The explosion of Space Shuttle Challenger in 1986 rocked the world. The seven astronaut fatalities and subsequent mission failures, including Hubble, Columbia and several Mars missions, led to senate inquiries and NASA’s eventual realisation that it was social context, rather than technical incompetence, that led to these outcomes.

This uncomfortable truth utimately resulted in the development of the 4-Dimensional system for NASA teams , architected by former Director of Astrophysics, Charlie Pellerin. In How NASA Builds Teams, Charlie describes the program which has since been voluntarily completed by over 1,500 NASA teams. It consists of 8 critical behaviours, across four dimensions:

People-Building or “nurturing” behaviours hone in on, acknowledge and seek to accentuate individual strengths. Through the habit of authentic appreciation and the practice establishing shared interests, leaders are able to make individuals feel valued and appreciated.

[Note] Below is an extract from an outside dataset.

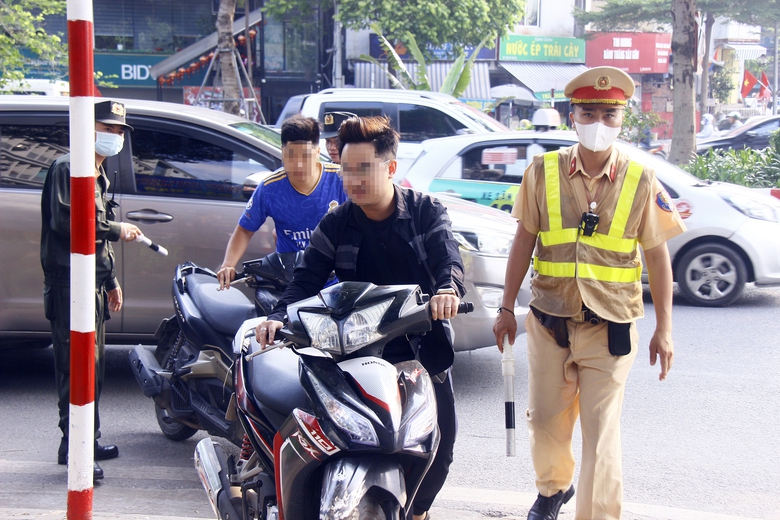 C&ocirc;ng an H&agrave; Nội c&oacute; tổ c&ocirc;ng t&aacute;c đặc biệt, xử l&yacute; th&ecirc;m h&agrave;ng trăm vi phạm giao th&ocirc;ng mỗi ng&agrave;y- Ảnh 2.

Team-Building refers to behaviours that foster inclusion, building trust and harmony within a team. An example is practicing appropriate inclusion (as opposed to over-inclusion) on e-mails and in meetings. Keeping agreements, including the setting and maintenance of personal boundaries and team standards are crucial to the development of trust within a team.

When combined with the people-building behaviours, these team-building practices create a basis for psychological safety, which we now know (as a result of Google’s Aristotle project and other research by Amy Edmondson) is foundational for high-performance. Having said that, psychological safety on its own does not necessarily lead to high-performance and this is where the remaining dimensions play a crucial role in turing high-functioning teams into high-performing ones: 

System-Building describes those behaviours that serve to organise a team, bringing role clarity, accountability and matching authority. Equally important is the ability to identify the systemic social glitches that have crept into the system programming – the red ‘storylines’ and team-based dramas that are preventing optimal team performance. The 4-D program gave NASA a means of identying and addressing these, bringing greater clarity and certainty to the daily operational performance of its teams.

Finally, the Idea-Building or ‘visioning’ dimension speaks to a commitment to audacious goals, epitomised by John F. Kennedy’s ‘moon-shot’ speech which ignited the Apollo space program. Underpinning this is the concept of ‘reality-based optimism’ which is defined as ‘the courage to acknowledge uncomfortable truths and then choose the path that leads to the best possible version of the future.’

Underperforming NASA teams tended to show deficits in the ‘Nurturing’ and ‘Including’ behaviours, as opposed to the ‘Directing’ and ‘Visioning’ dimensions and, ironically, it was the relative absence of these so-called ‘soft’ skills that contributed most to mission failures and fatalities. It was not until the 4-Dimensional System introduced these capabilities that balance was restored.